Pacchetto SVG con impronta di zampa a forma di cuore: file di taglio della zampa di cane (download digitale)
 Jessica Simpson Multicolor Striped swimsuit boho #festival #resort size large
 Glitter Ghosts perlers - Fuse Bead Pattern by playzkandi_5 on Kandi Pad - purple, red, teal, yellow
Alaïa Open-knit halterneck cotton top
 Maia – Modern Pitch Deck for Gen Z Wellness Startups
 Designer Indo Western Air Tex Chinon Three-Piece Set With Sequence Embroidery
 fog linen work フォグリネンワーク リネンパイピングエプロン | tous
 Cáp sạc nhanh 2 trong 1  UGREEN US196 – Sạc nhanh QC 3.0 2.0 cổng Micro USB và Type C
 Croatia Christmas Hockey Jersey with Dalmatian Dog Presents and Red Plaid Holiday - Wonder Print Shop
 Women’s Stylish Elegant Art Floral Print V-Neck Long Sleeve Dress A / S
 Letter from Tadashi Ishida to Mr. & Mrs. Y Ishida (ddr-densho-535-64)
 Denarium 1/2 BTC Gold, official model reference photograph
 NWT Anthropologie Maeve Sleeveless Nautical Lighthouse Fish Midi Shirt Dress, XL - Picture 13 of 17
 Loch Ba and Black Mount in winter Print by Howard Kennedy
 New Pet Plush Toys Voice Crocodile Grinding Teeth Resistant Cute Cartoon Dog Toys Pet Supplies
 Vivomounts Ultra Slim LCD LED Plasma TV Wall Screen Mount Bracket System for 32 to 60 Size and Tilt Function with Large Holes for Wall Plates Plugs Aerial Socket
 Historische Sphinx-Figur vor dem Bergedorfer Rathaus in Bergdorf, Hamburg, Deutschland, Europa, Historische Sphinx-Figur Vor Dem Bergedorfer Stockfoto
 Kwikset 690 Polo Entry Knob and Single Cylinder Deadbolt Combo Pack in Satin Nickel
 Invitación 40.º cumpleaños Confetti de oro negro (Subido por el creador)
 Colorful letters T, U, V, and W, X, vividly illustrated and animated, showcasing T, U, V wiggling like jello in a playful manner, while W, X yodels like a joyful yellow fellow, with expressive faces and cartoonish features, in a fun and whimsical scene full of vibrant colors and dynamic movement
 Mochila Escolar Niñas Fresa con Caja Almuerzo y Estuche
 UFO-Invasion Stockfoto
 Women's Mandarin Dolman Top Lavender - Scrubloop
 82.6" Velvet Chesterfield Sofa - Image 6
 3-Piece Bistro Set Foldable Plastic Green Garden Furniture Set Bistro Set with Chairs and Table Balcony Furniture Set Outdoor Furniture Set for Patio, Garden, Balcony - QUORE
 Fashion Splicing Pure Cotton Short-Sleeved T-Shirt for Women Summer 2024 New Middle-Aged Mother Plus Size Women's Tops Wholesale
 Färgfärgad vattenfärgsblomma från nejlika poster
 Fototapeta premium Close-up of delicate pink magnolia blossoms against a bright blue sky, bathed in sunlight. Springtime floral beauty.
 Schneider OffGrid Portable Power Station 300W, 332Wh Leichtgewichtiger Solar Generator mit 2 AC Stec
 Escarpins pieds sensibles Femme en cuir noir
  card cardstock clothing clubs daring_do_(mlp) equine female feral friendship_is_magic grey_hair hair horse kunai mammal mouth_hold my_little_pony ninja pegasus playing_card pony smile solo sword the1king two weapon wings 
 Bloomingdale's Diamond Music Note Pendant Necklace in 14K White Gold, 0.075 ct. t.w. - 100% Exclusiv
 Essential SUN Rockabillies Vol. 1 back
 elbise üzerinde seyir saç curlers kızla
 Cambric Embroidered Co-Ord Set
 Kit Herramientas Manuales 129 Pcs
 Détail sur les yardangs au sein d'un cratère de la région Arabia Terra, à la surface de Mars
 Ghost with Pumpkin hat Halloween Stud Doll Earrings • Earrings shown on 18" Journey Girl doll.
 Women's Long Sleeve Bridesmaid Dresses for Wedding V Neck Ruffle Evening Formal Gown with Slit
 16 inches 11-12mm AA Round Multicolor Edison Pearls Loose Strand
■ ■ ■ ■ ■ ■ ■
Exercise prompt
An exact retyping of every line in the records is needed.

Your response
Pacchetto SVG con impronta di zampa a forma di cuore: file di taglio della zampa di cane (download digitale)
 Jessica Simpson Multicolor Striped swimsuit boho #festival #resort size large
 Glitter Ghosts perlers - Fuse Bead Pattern by playzkandi_5 on Kandi Pad - purple, red, teal, yellow
Alaïa Open-knit halterneck cotton top
 Maia – Modern Pitch Deck for Gen Z Wellness Startups
 Designer Indo Western Air Tex Chinon Three-Piece Set With Sequence Embroidery
 fog linen work フォグリネンワーク リネンパイピングエプロン | tous
 Cáp sạc nhanh 2 trong 1  UGREEN US196 – Sạc nhanh QC 3.0 2.0 cổng Micro USB và Type C
 Croatia Christmas Hockey Jersey with Dalmatian Dog Presents and Red Plaid Holiday - Wonder Print Shop
 Women’s Stylish Elegant Art Floral Print V-Neck Long Sleeve Dress A / S
 Letter from Tadashi Ishida to Mr. & Mrs. Y Ishida (ddr-densho-535-64)
 Denarium 1/2 BTC Gold, official model reference photograph
 NWT Anthropologie Maeve Sleeveless Nautical Lighthouse Fish Midi Shirt Dress, XL - Picture 13 of 17
 Loch Ba and Black Mount in winter Print by Howard Kennedy
 New Pet Plush Toys Voice Crocodile Grinding Teeth Resistant Cute Cartoon Dog Toys Pet Supplies
 Vivomounts Ultra Slim LCD LED Plasma TV Wall Screen Mount Bracket System for 32 to 60 Size and Tilt Function with Large Holes for Wall Plates Plugs Aerial Socket
 Historische Sphinx-Figur vor dem Bergedorfer Rathaus in Bergdorf, Hamburg, Deutschland, Europa, Historische Sphinx-Figur Vor Dem Bergedorfer Stockfoto
 Kwikset 690 Polo Entry Knob and Single Cylinder Deadbolt Combo Pack in Satin Nickel
 Invitación 40.º cumpleaños Confetti de oro negro (Subido por el creador)
 Colorful letters T, U, V, and W, X, vividly illustrated and animated, showcasing T, U, V wiggling like jello in a playful manner, while W, X yodels like a joyful yellow fellow, with expressive faces and cartoonish features, in a fun and whimsical scene full of vibrant colors and dynamic movement
 Mochila Escolar Niñas Fresa con Caja Almuerzo y Estuche
 UFO-Invasion Stockfoto
 Women's Mandarin Dolman Top Lavender - Scrubloop
 82.6" Velvet Chesterfield Sofa - Image 6
 3-Piece Bistro Set Foldable Plastic Green Garden Furniture Set Bistro Set with Chairs and Table Balcony Furniture Set Outdoor Furniture Set for Patio, Garden, Balcony - QUORE
 Fashion Splicing Pure Cotton Short-Sleeved T-Shirt for Women Summer 2024 New Middle-Aged Mother Plus Size Women's Tops Wholesale
 Färgfärgad vattenfärgsblomma från nejlika poster
 Fototapeta premium Close-up of delicate pink magnolia blossoms against a bright blue sky, bathed in sunlight. Springtime floral beauty.
 Schneider OffGrid Portable Power Station 300W, 332Wh Leichtgewichtiger Solar Generator mit 2 AC Stec
 Escarpins pieds sensibles Femme en cuir noir
  card cardstock clothing clubs daring_do_(mlp) equine female feral friendship_is_magic grey_hair hair horse kunai mammal mouth_hold my_little_pony ninja pegasus playing_card pony smile solo sword the1king two weapon wings 
 Bloomingdale's Diamond Music Note Pendant Necklace in 14K White Gold, 0.075 ct. t.w. - 100% Exclusiv
 Essential SUN Rockabillies Vol. 1 back
 elbise üzerinde seyir saç curlers kızla
 Cambric Embroidered Co-Ord Set
 Kit Herramientas Manuales 129 Pcs
 Détail sur les yardangs au sein d'un cratère de la région Arabia Terra, à la surface de Mars
 Ghost with Pumpkin hat Halloween Stud Doll Earrings • Earrings shown on 18" Journey Girl doll.
 Women's Long Sleeve Bridesmaid Dresses for Wedding V Neck Ruffle Evening Formal Gown with Slit
 16 inches 11-12mm AA Round Multicolor Edison Pearls Loose Strand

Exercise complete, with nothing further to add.